Day 2 of the Ohio Genealogical Society 2026 Conference packed in six full sessions, one pedigree chart victory, a long-overdue lunch with friends, and just enough exhibit hall stamina to finish a scavenger hunt. If Day 1 set the tone, Day 2 proved the rest of the week would not slow down.
Here is how it unfolded.
Session 1: NotebookLM for Genealogists
Speaker: Robert Cameron Weir
Robert opened the day with a solid overview of NotebookLM and how it differs from ChatGPT and other AI tools. He walked through use cases, strengths, and where the tool fits into a research workflow.
The information was good, but most of it felt familiar. I have already read about NotebookLM in other genealogy blogs, watched presentations, and figured out a fair amount on my own through trial and error. For someone newer to AI tools, this session would be a strong starting point. For me, it was a refresher.
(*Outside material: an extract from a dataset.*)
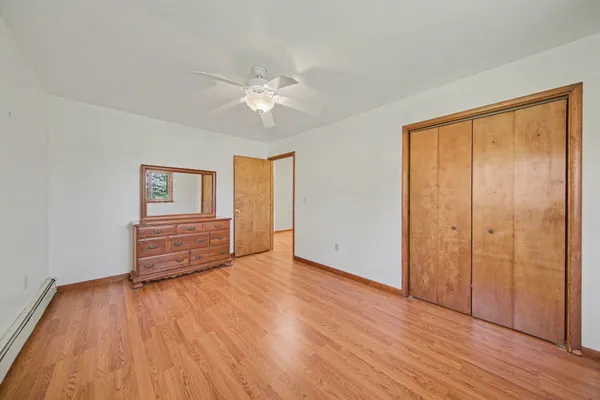 $271,500 | 5497 Clark Lake Road, Jackson, MI 49201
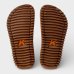 Chinelo Kenner Kivah Comfy Feminino - Marrom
Takeaway: Confirmation that I am already using NotebookLM the way it was designed to be used. Sometimes that is the most useful thing a session can give you.
Session 2: Build Your Genealogy Research Plan Like a Pro
Speaker: Lisa Hollon
This one delivered. Lisa framed a research plan as a roadmap, not a contract. It is a tool for clarity and direction, a way to document what you know and what you still need, and a living document that evolves as research progresses.
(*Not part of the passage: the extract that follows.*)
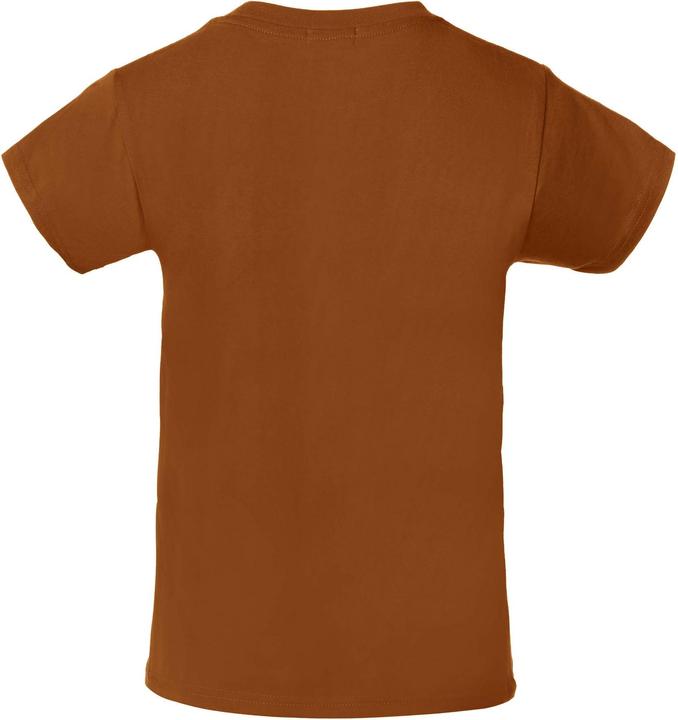 Actual product image tectake Women’s T-Shirt (XL)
Her delivery was clear, organized, and engaging. The framing of the research plan as living and flexible cuts through the perfectionism that can stall a project before it starts.
Takeaway: A research plan should serve the research, not the other way around. Update it. Revise it. Let it grow.
Session 3: Exhibit Hall Detour
I planned to attend Session 3, then changed my mind and headed to the exhibit hall instead. Best decision of the day.
While there, I tackled Dr. David McDonald’s 10-Minute Challenge: complete a five-generation pedigree chart with names, dates, AND locations. Apparently I was the only one to finish all five generations.
I credit the Your Sixteens StoryTeller Tuesday Challenge for the win. Working through every 2x great-grandparent couple in March meant I knew the people, the dates, and the places. The information was already in my head because I had recently put it there on purpose.
I also talked with Michael Neill about his upcoming trips to the Family History Library in Salt Lake City and the Allen County Public Library. We discussed the importance of knowing what you are looking for before you arrive at any repository, and verifying that the records you need are actually held at that location. Travel time and on-site hours are too valuable to spend chasing records that are not there.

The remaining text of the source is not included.